In short, no, it is not considered normal for bleeding to continue without stopping. Women who experience this should get themselves checked out immediately.
Before feeling alarmed, it is essential to examine whether or not one is genuinely bleeding all the time. For example, some women may go through a 21-day cycle and bleed for eight days. Although it may appear as if they are bleeding all the time, the truth is quite the opposite. "Women who think they are bleeding an irregularly large amount need to examine whether or not this is actually true but counting the number of days they have bled and compare that to their normal cycle," writes Stacy Wellington, a lifestyle blogger at Write My X and BritStudent.
In the case that a woman does observe an abnormally large amount of bleeding, they should make an appointment to get checked out immediately. In most cases, it could be nothing, but it could also be a symptom of a much greater condition that needs addressing.
What Is The Cause Of Prolonged Bleeding?
In most cases, prolonged bleeding is caused by changes in a woman's hormonal profile. The endocrine system is a vast and complicated network of intertwined processes and signals.

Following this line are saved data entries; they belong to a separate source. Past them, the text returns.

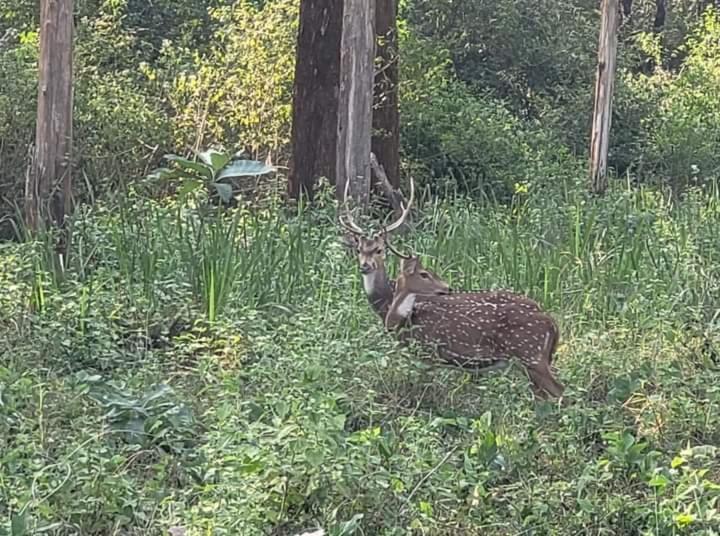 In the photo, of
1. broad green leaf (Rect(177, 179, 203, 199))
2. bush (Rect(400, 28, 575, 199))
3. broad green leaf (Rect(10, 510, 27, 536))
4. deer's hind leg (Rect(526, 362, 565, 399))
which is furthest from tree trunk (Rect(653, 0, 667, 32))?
broad green leaf (Rect(10, 510, 27, 536))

Even a small change can produce extremely noticeable effects. For example, young girls just entering puberty and older women going through menopause are the most likely to suffer from irregular period length due to significant changes in their hormonal profile.
Still, the question remains; what causes prolonged bleeding? While there is almost an endless number of answers, a change in estrogen levels is usually to blame. Most people do not know that one of the things estrogen does is build up the endometrium, which is another name for the uterus lining. This lining aids in pregnancy, but if the uterus is not fertilized, the body sheds the lining, which accounts for the bleeding.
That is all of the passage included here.